For Nebulites, she feels that “maybe we won’t get into chanting in this space, for example; it’s more about releasing. I’m thinking of people who are sitting at a desk all day; a lot of techies. I know when I’m sitting at a desk, I’m building tension in my neck and shoulders. So, at Nebula, my focus is on guiding a practice which releases tension from a person who is sitting at a desk much of their time.”
Steinkamp’s been practicing yoga for a dozen years, starting out with an ashtanga practice at the old Marbles studio in Lafayette Square and moving through a variety of coursework, studios and teachers since. She became a teacher, herself, in 2012, after a year-plus spent living in ashrams in India. She’s also practiced and taught in the American west, in California, Oregon and Arizona, as well as a summer spent living in New York. Noting that she’s been “bouncing” through St. Louis for the past few years, she also co-operated a collective/yoga space called Annex, just around the corner on Cherokee, now home to the TOCO Shop.
“It seems that basically since I’ve found yoga, I’ve been in-and-out of St. Louis wandering around doing what feels right, following directions that feel good,” Steinkamp says. “I’m starting to feel inspired to make something a little more substantial. I’m doing the full-time yoga thing now; I’m studio manager at Shanti Yoga in Maplewood, as well as offering a full schedule of classes.
Classes in other settings may be longer than the class at Nebula. Yet she says that while the session at Nebula may be compact, it can be a part of a larger whole of healthy, aligned living. And good work can be done in three-quarters of an hour.
“The ultimate goal of yoga is to become the observer,” she says. “The experiencer of the experience, if you will. When you’re in alignment – your body, muscles, bones — you’re able to work more efficiently, you’re at a more-peaceful place in your heart and mind, you’ll connect with the world in a way that’s more-cohesive.”
With Wednesday’s Reboot session, Steinkamp also feels that she’s adding something to the culture of Nebula.
“I think it’s important, in this kind of space, to bring people together in a community aspect,” she says. It’s good to have healthy engagements together, to have that balance. This is what I’m trying to bring to the table: a way to connect to one another on a different level..”

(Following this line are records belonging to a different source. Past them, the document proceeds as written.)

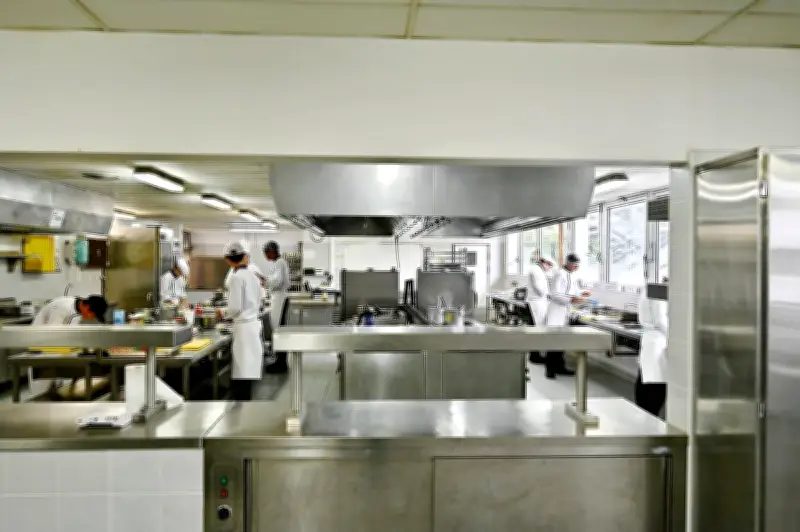 Une soirée gastronomique et musicale au lycée Romas pour célébrer les époques culinaires françaises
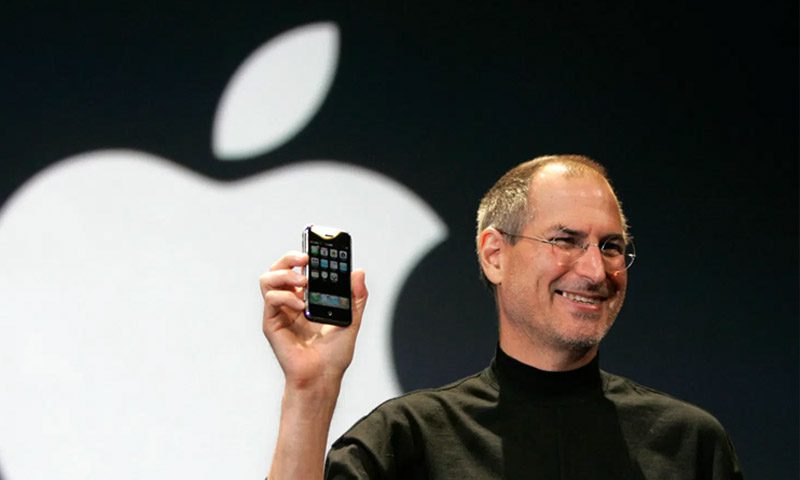 اکنون اپل بزرگ ترین برند بازار موبایل است 15 اکنون اپل بزرگترین برند بازار موبایل است.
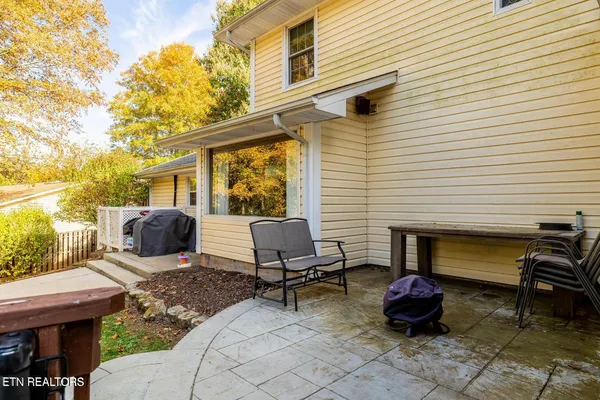 $550,000 | 12005 Ridgeland Drive, Knoxville, TN 37932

“That’s what’s great about Nebula,” she adds. “It’s a co-working space that’s all about connecting with each other and working on whatever it is you’re working on, and seeing if there’s a possibility for collaboration. That is yoga, in a sense: the union of people in harmony with each other to create larger vision. You can’t do that as an individual satellite floating around in outer space. You need to be connected.”
The next Reboot is Wednesday, May 25; a limited number of mats are provided, or bring your own. Class starts at 8 a.m. sharp and is over by 9 for those drop-in members using the Great Room. Non-members can also join in for a minimum $5 donation.